Supreme Court of New York, Second Department

June 19, 2013

The People of the State of New York, respondent,
v.
Aaron A. Dockery, appellant. (Ind. No. 2311/10)

Arza Feldman, Uniondale, N.Y., for appellant, and appellant pro se.

Kathleen M. Rice, District Attorney, Mineola, N.Y. (Yael V. Levy, Ilisa T. Fleischer, and Ames C. Grawert of counsel), for respondent.

RUTH C. BALKIN, J.P., JOHN M. LEVENTHAL, PLUMMER E. LOTT, SANDRA L. SGROI, JJ.

DECISION & ORDER

Appeal by the defendant from a judgment of the Supreme Court, Nassau County (Peck, J.), rendered October 3, 2011, convicting him of criminal possession of a weapon in the third degree, reckless endangerment in the second degree, and aggravated unlicensed operation of a motor vehicle in the third degree, upon a jury verdict, and imposing sentence.

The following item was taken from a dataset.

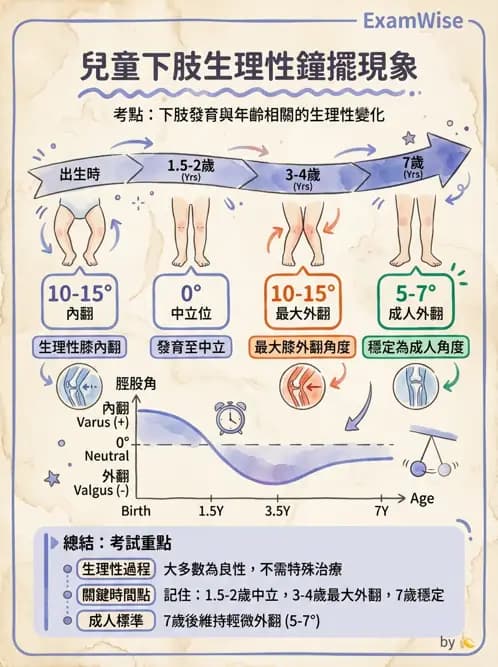 物治 - 小兒肌肉骨骼疾患物理治療 - AI 圖文解析預覽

ORDERED that the judgment is affirmed.

The defendant's contention that the Supreme Court improvidently exercised its discretion in denying his request for substitution of assigned counsel is without merit. A defendant who claims a conflict of interest based on assigned counsel's relationship with a former client must show that his or her defense was "affected by the alleged conflict" (People v Walker, 285 A.D.2d 521, 522; see People v Longtin, 92 N.Y.2d 640, 644; People v Ortiz, 76 N.Y.2d 652, 656-657; People v Thompson, 89 A.D.3d 1117, 1117). The defendant failed to make such showing. Moreover, the defendant did not demonstrate that there had been a complete breakdown of communication in his relationship with counsel (see People v Winter, 88 A.D.3d 824, 824).

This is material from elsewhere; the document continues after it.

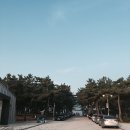 바다와 솔향기 이미지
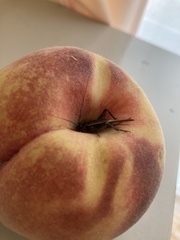 Svercacheta siamensis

The defendant further contends that the Supreme Court committed reversible error when, in response to a note from the jury, it failed to charge the jury with the defense of justification regarding the weapon possession and reckless endangerment charges. However, this contention is also unpreserved for appellate review to the extent that the defendant argues that the court's failure to charge the defense violated his constitutional right to due process (see People v Grant, 7 N.Y.3d 421, 424; People v Thomas, 65 A.D.3d 1170, 1172; People v Diaz, 50 A.D.3d 919). In any event, the justification defense did not apply to the criminal possession of a weapon in the third degree charge (see People v Pons, 68 N.Y.2d 264, 266; People v Almodovar, 62 N.Y.2d 126; People v Rodriguez, 77 A.D.3d 975, 976). Moreover, there was no reasonable view of the evidence under which the defendant's alleged conduct was justified with respect to the reckless endangerment in the second degree charge.

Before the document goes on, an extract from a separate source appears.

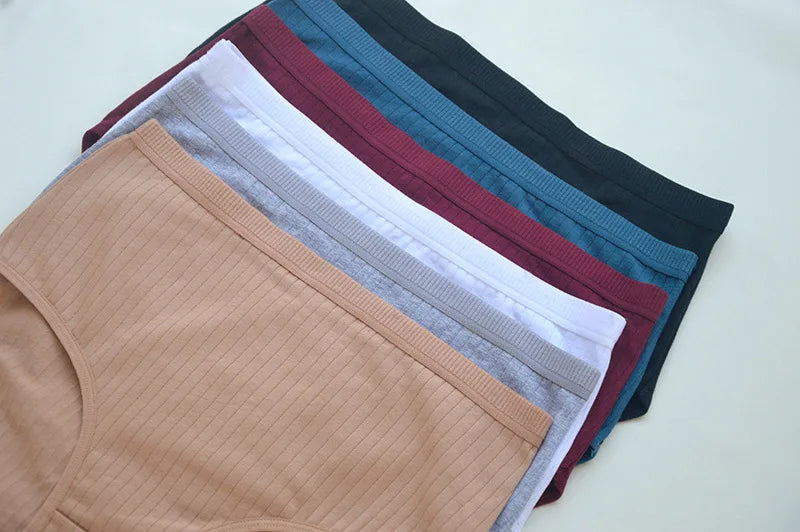 Quần Lót Nữ Cotton Cạp Cao Thoáng Mát Size Lớn 6 Cái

Contrary to the People's contention, the defendant preserved for appellate review his contention that the Supreme Court erred in admitting into evidence a recording of a 911 emergency call from an anonymous caller who claimed to have witnessed the shooting (cf. People v Reynolds, 83 A.D.3d 1098, 1098). However, such admission was not error. The recording satisfied the excited utterance exception to the hearsay rule, since it evidenced that the caller was under the influence of the excitement of the incident and lacked the reflective capacity essential for fabrication (see People v Dominick, 53 A.D.3d 505, 505-506). Contrary to the defendant's contention, the recording was also properly admissible as a present sense impression, since the caller's statements were sufficiently contemporaneous (see People v York, 304 A.D.2d 681, 681) and were corroborated by the evidence adduced at trial (cf. People v Vasquez, 88 N.Y.2d 561, 576). Additionally, the admission of the recording did not violate the defendant's right to confrontation. The call was nontestimonial in nature, since its primary purpose was to obtain an emergency response to the shooting (see People v Clay, 88 A.D.3d 14, 17; People v Legere, 81 A.D.3d 746, 750; see also Davis v Washington, 547 U.S. 813).

The defendant's contention that the Supreme Court should have given an adverse inference charge or otherwise sanctioned the People based on the alleged failure of the police to recover a store surveillance videotape without merit. "The People are subject to sanctions for failing to preserve discoverable evidence only if the evidence is lost or destroyed while in their possession" (People v Dei, 2 A.D.3d 1459, 1460; see People v O'Brien, 270 A.D.2d 433, 434; People v Tutt, 305 A.D.2d 987, 987). Here, the record does not establish that the videotape was ever in the possession of the police.

There is no merit to the contention raised by the defendant in his pro se supplemental brief that his trial counsel was ineffective because he only made a general motion for a trial order of dismissal based upon the People's alleged failure to make out a prima facie case, and did not raise the specific grounds which the defendant now raises. "A defendant is not denied effective assistance of trial counsel merely because counsel does not make a motion or argument that has little or no chance of success" (People v Stultz, 2 N.Y.3d 277, 287).

The defendant's remaining contentions, including the additional arguments raised in his pro se supplemental brief, are unpreserved for appellate review.

BALKIN, J.P., LEVENTHAL, LOTT and SGROI, JJ., concur.